▶

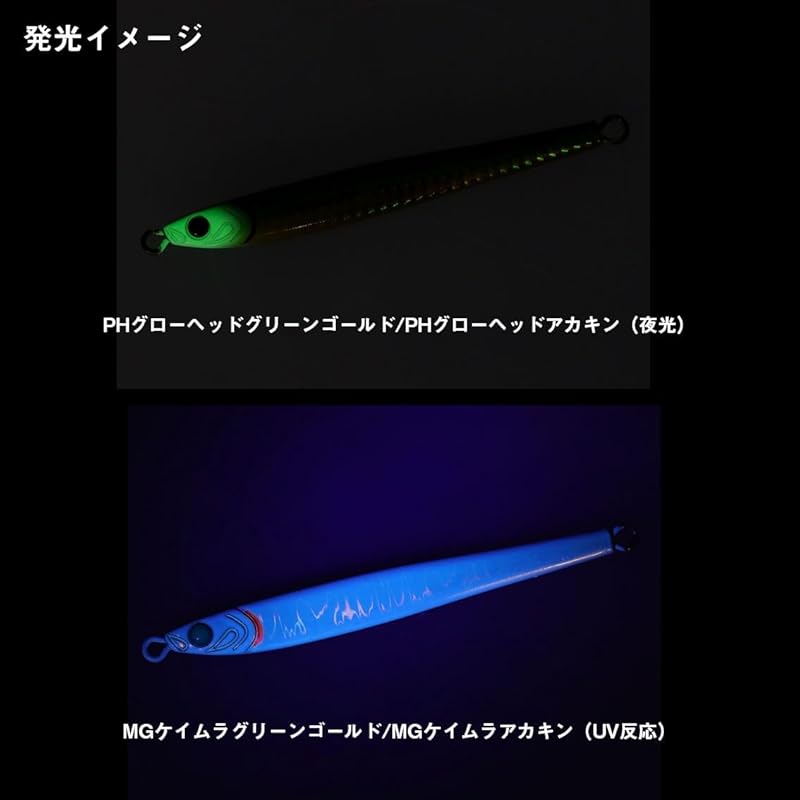 Daiwa TG Bait Slim 100g FH Shirasu Lure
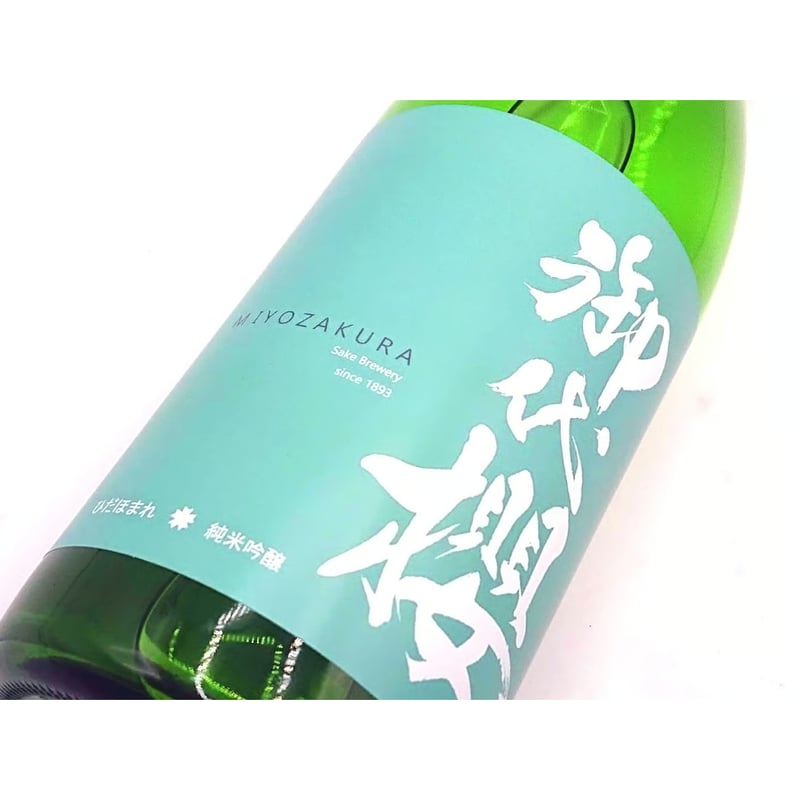 御代櫻 純米吟醸 ひだほまれ 瓶囲い 1800ml | 御代桜醸造オンライン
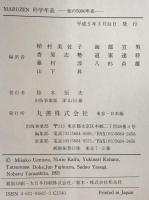Maruzen科学年表 : 知の5000年史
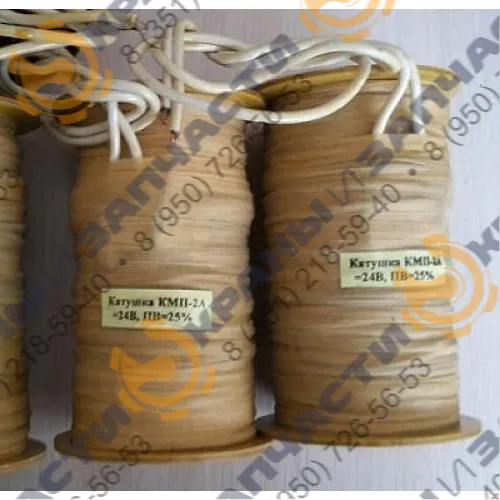 Катушка электромагнита КМП-4А(М) 220В ПВ40%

◀

• **WHAT TO DO**:
From the material above, copy everything exactly but the pictures.

• **TASK RESPONSE**:
 Daiwa TG Bait Slim 100g FH Shirasu Lure
 御代櫻 純米吟醸 ひだほまれ 瓶囲い 1800ml | 御代桜醸造オンライン
Maruzen科学年表 : 知の5000年史
 Катушка электромагнита КМП-4А(М) 220В ПВ40%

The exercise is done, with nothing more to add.